Although this is the main function of all financial institutions, they do have other functions as well. A loan is a simple way for many people and businesses to have a sum of disposable money in the bank (it’s just the amounts that differ); whilst other ways to raise capital can be used, this is often the quickest method.
Another common type of debt, particularly in the Western World is a mortgage and is the primary way real estate is purchased, but this is all it can be used for. However, in this situation a form of security is needed before the money is lent and the title to the property is the normal method for financial institutions to use; releasing them once the final installment is made. If the borrower defaults on the loan, the bank would have the legal right to repossess the house and sell it; although selling the property is one option, keeping it as an investment is another.
In some instances, this method of security can be used when taking out a loan for a car for instance; in this instance, the car becomes it’s own security for the debt. To ensure that the finance company does not lose money, secured loans on cars are normally short term; where cars are concerned, this term will only last a handful of years.
Unsecured loans are available from financial institutions under many different guises or marketing packages; this can include the credit card, personal arrangements, bank overdrafts and other forms of credit. Typically, interest rates on credit cards or store cards will be the highest but all unsecured credit rates will of course vary from one lender to the next.

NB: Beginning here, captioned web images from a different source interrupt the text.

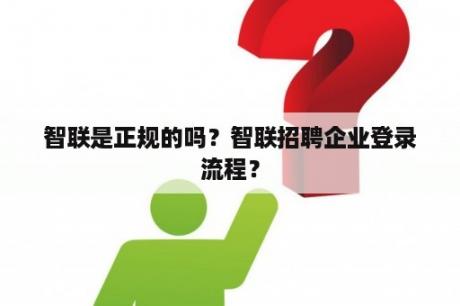 智联是正规的吗？智联招聘企业登录流程？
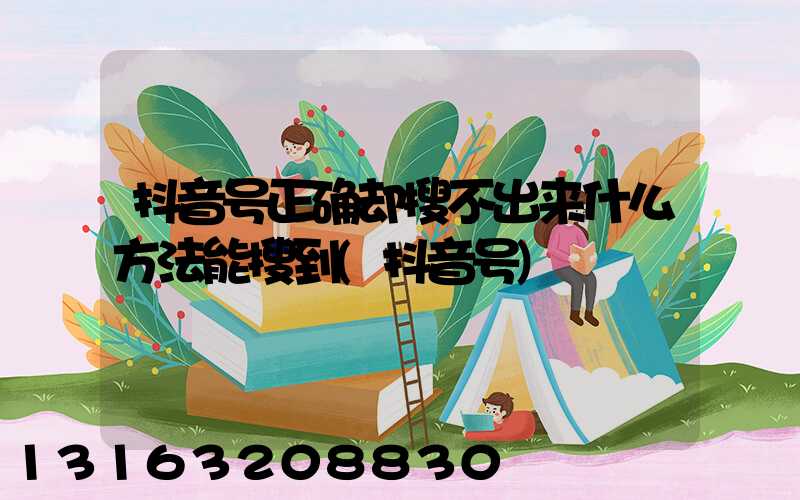 抖音号正确却搜不出来什么方法能搜到(抖音号)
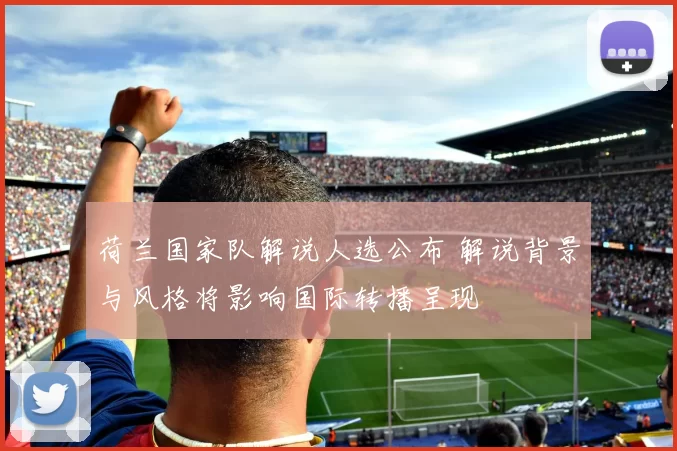 荷兰国家队解说人选公布 解说背景与风格将影响国际转播呈现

Financial companies can be caught out too when they provide cash to a person so they can gain advantage over his or her situation; also known as predatory lending. This type of lending also takes place with credit card companies around the world who issue credit cards with high charges which take a disproportionate amount of time to pay off; even small balances, just to retain a customer. You would be wise to be wary of financial arrangements that seem to good to be true because they probably are.